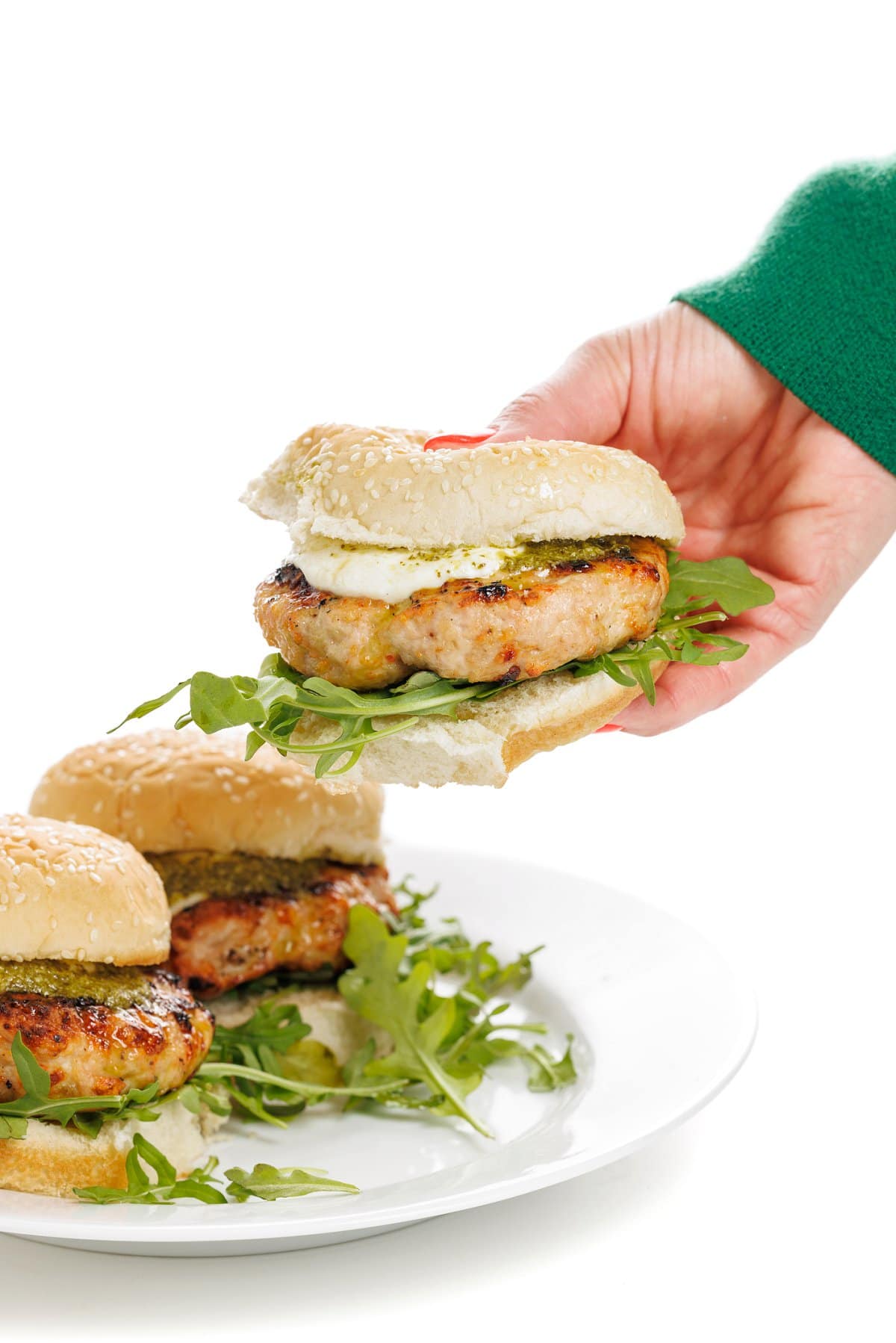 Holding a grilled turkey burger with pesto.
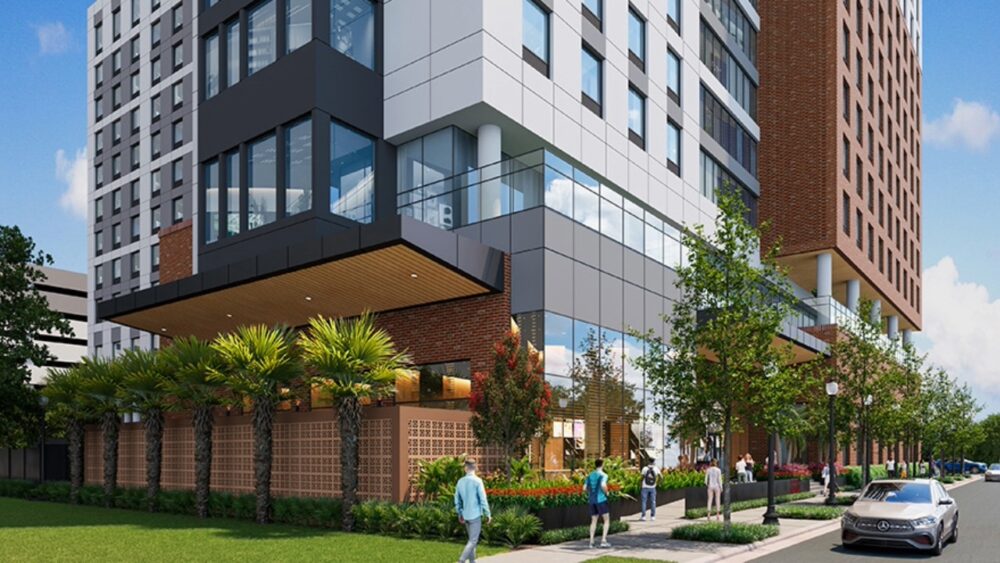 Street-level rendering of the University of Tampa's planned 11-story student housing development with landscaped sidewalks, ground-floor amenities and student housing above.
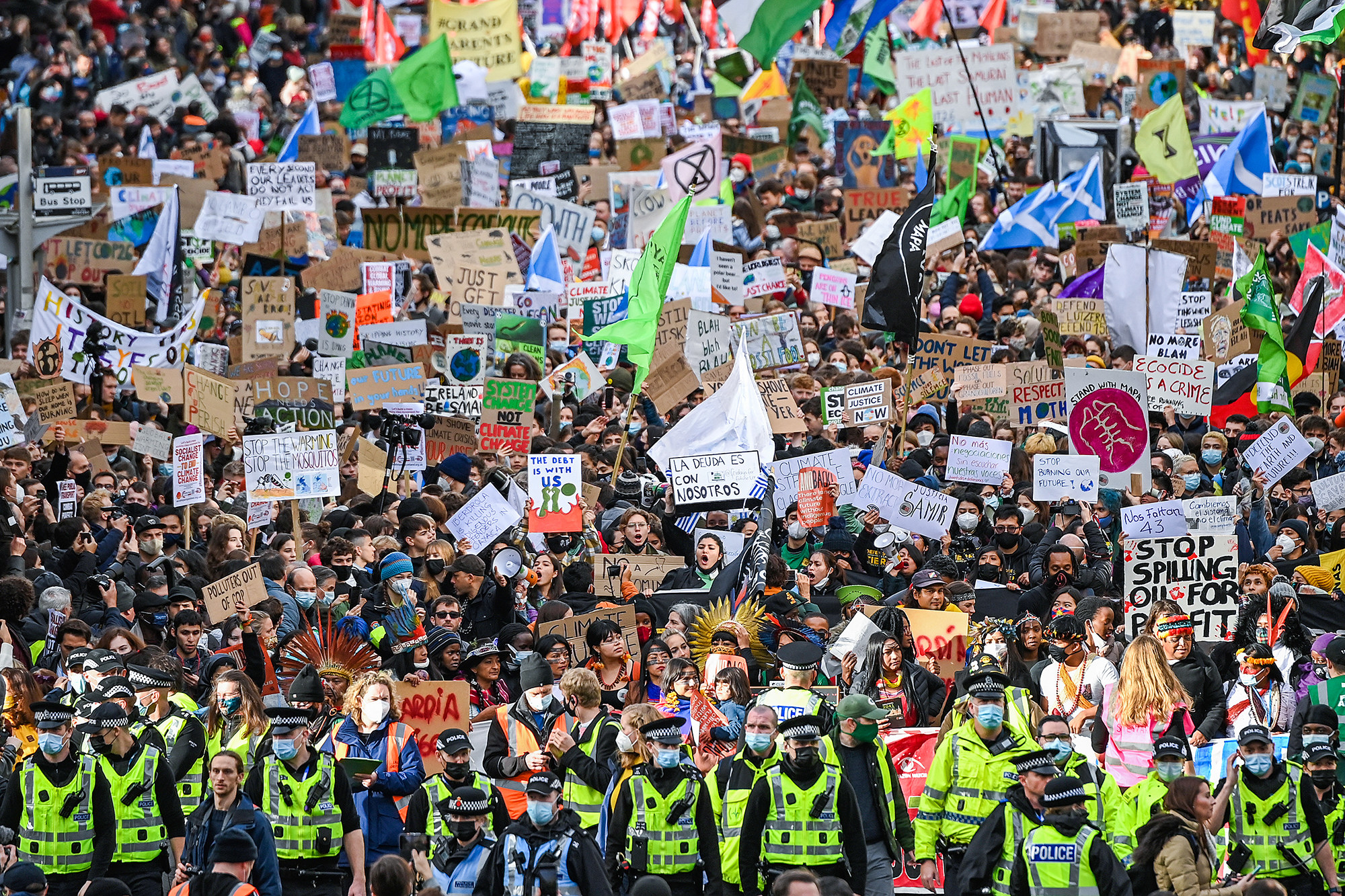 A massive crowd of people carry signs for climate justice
- - - - - - -
→ **WHAT YOU ARE ASKED TO DO**:
Where the line holding "Street-level rendering of" appears, start copying, and continue exactly through the last line of the listing, both ends included, skipping the pictures.

→ **TASK ANSWER**:
 Street-level rendering of the University of Tampa's planned 11-story student housing development with landscaped sidewalks, ground-floor amenities and student housing above.
 A massive crowd of people carry signs for climate justice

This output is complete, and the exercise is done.